Si les pouvoirs publics ne disposent pas de leviers d’intervention en zone très dense, l’Arcep – cela a été dit – a la responsabilité de rappeler les opérateurs aux engagements qu’ils ont pris s’agissant des zones Amii, en ayant recours à ses pouvoirs de sanction, si nécessaire.
Deuxièmement, pour les raccordements complexes, 150 millions d’euros ont été prévus par le Gouvernement afin d’apporter une rallonge financière via un mécanisme d’appel à projets animé par les collectivités territoriales dans les zones d’initiative publique. Ces moyens supplémentaires sont nécessaires, mais loin d’être suffisants : les raccordements complexes, caractérisés par un déficit de génie civil sur la partie terminale du raccordement, représenteraient de un à deux millions de prises ; les besoins financiers dépasseraient un milliard d’euros.

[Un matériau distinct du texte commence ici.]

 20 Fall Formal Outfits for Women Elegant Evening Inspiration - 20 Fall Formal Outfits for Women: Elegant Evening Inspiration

Surtout, la pertinence même de cet outil est sujette à interrogation.
Monsieur le ministre, plutôt que de lancer un appel à projets, ne serait-il pas préférable d’instituer un dispositif de financement pérenne, permettant une péréquation entre les territoires, conformément aux principes fondateurs du plan France Très haut débit ?

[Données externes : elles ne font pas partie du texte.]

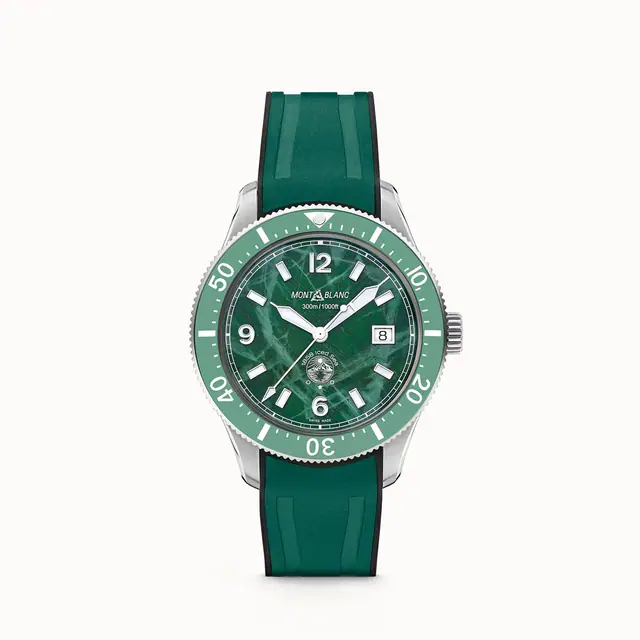 Montblanc Iced Sea Automatic Date, Steel - Ceramic - Green MB129765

Troisièmement, concernant la résilience des réseaux numériques, une réflexion doit être engagée sur les effets du dérèglement climatique sur les réseaux de fibre, qui sont en majorité installés par voie aérienne – cela a déjà été rappelé. Plus largement, il nous faut anticiper les dépenses liées à l’exploitation et à la maintenance des réseaux, qui sont particulièrement élevées en zone d’initiative publique. Or le plan France Très haut débit ne prévoit, pour l’heure, aucun mécanisme de solidarité financière entre les territoires sur ce point. Comme les déploiements de réseaux progressent, il convient à présent de réfléchir aux actions nécessaires pour assurer leur fonctionnement dans la durée.